TASK DESCRIPTION:
Could the lines from the line bearing "Amass艾迈斯GC6010-M/F" to the end of the records below be copied exactly, with the pictures left out and no other lines added?

RECORDS TO USE:
__________

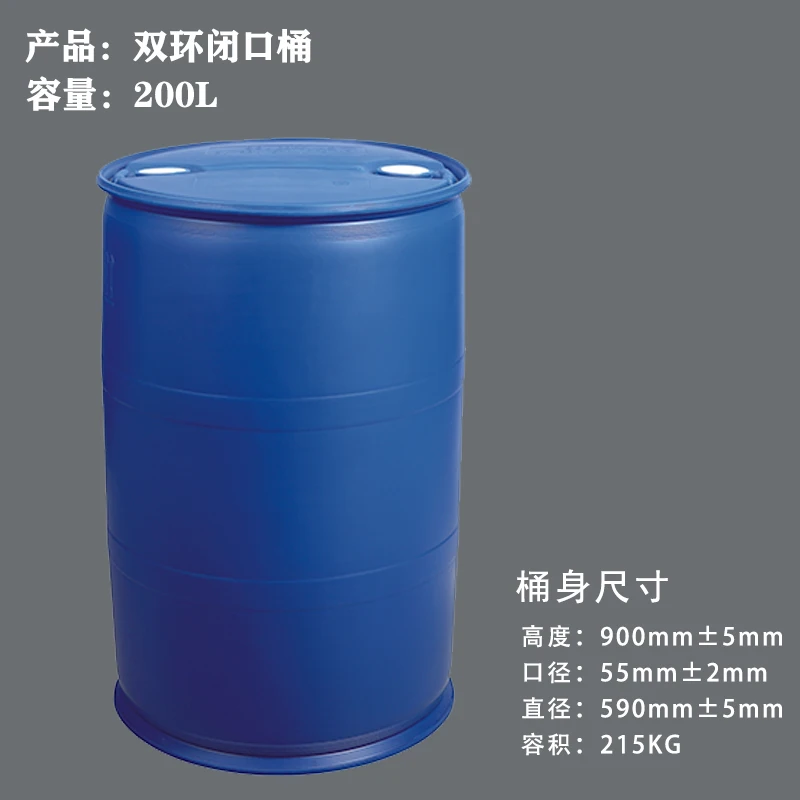 Пластиковый барабан для бочонка с 100 литров HDPE открытым верхом синий пластиковый 2 отверстиями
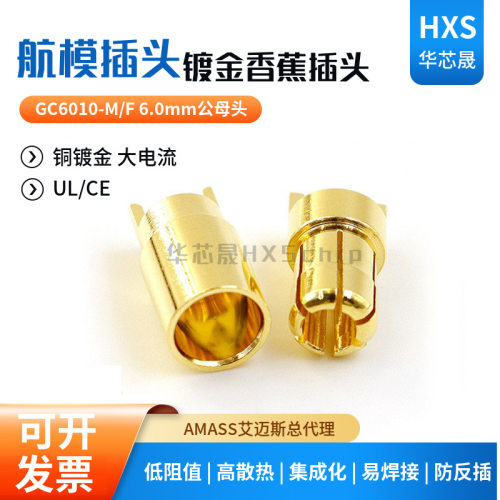 Amass艾迈斯GC6010-M/F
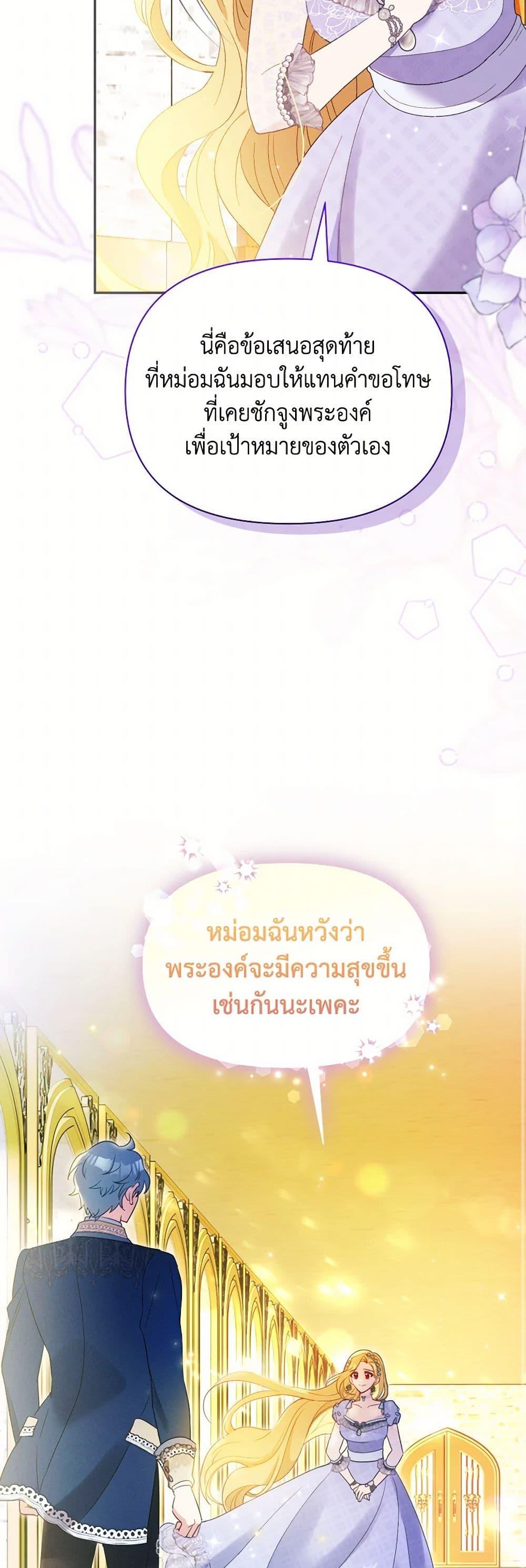 Manga-lc-com อ่านมังงะ อ่านการ์ตูน ออนไลน์ ฟรี The Goal Is to Be Self-Made ตอนที่ 1 2 3 4 5 6 7 8 9 10 11 12 13 14 ฟรี ไม่มีโฆษณา Manga-lc - อ่าน มังงะ อ่าน การ์ตูน ออนไลน์ อ่านมังงะ ฟรี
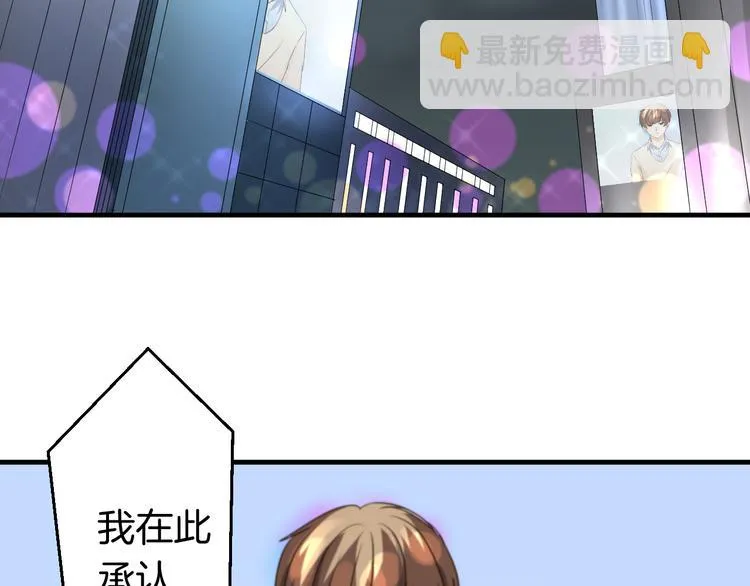 第23话 自首 第64页
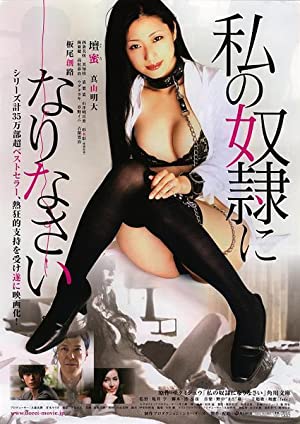 Tutkulu Japon Kadınlar Altyazılı Erotik Film izle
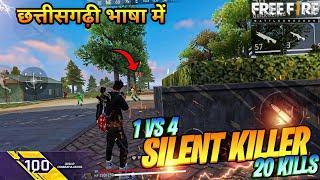 Solo VS Squad Rank CG भाषा में  | OverPower 20 KILLS - Neel Gaming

__________

RESPONSE TO THE EXERCISE:
 Amass艾迈斯GC6010-M/F
 Manga-lc-com อ่านมังงะ อ่านการ์ตูน ออนไลน์ ฟรี The Goal Is to Be Self-Made ตอนที่ 1 2 3 4 5 6 7 8 9 10 11 12 13 14 ฟรี ไม่มีโฆษณา Manga-lc - อ่าน มังงะ อ่าน การ์ตูน ออนไลน์ อ่านมังงะ ฟรี
 第23话 自首 第64页
 Tutkulu Japon Kadınlar Altyazılı Erotik Film izle
 Solo VS Squad Rank CG भाषा में  | OverPower 20 KILLS - Neel Gaming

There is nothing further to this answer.